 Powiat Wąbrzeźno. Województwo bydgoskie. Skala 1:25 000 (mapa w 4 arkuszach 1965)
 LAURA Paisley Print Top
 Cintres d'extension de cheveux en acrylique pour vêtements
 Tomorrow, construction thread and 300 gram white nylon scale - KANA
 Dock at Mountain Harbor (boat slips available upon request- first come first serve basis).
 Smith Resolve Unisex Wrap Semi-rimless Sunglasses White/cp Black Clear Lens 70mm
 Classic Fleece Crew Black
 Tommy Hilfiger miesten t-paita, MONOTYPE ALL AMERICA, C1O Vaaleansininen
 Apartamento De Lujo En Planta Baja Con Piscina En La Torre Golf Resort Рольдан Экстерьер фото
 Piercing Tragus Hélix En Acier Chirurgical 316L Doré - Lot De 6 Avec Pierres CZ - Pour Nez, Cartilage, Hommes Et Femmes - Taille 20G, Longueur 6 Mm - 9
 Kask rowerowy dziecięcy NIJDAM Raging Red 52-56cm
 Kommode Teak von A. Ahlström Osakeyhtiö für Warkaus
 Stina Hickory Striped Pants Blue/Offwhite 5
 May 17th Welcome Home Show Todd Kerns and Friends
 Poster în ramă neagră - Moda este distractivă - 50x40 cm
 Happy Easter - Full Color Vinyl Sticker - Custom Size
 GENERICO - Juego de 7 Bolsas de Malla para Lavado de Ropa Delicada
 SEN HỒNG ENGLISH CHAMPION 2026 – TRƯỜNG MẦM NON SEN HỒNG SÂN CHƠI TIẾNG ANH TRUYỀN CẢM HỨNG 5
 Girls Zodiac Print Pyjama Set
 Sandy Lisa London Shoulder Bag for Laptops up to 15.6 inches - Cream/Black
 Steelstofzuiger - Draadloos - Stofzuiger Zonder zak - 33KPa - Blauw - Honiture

^^^^^^^^

## Exercise objective:
Your answer must be the lines above from the one containing "Dock at Mountain" to the one containing "Apartamento De Lujo", both included, restated word for word.

## Output for this exercise:
 Dock at Mountain Harbor (boat slips available upon request- first come first serve basis).
 Smith Resolve Unisex Wrap Semi-rimless Sunglasses White/cp Black Clear Lens 70mm
 Classic Fleece Crew Black
 Tommy Hilfiger miesten t-paita, MONOTYPE ALL AMERICA, C1O Vaaleansininen
 Apartamento De Lujo En Planta Baja Con Piscina En La Torre Golf Resort Рольдан Экстерьер фото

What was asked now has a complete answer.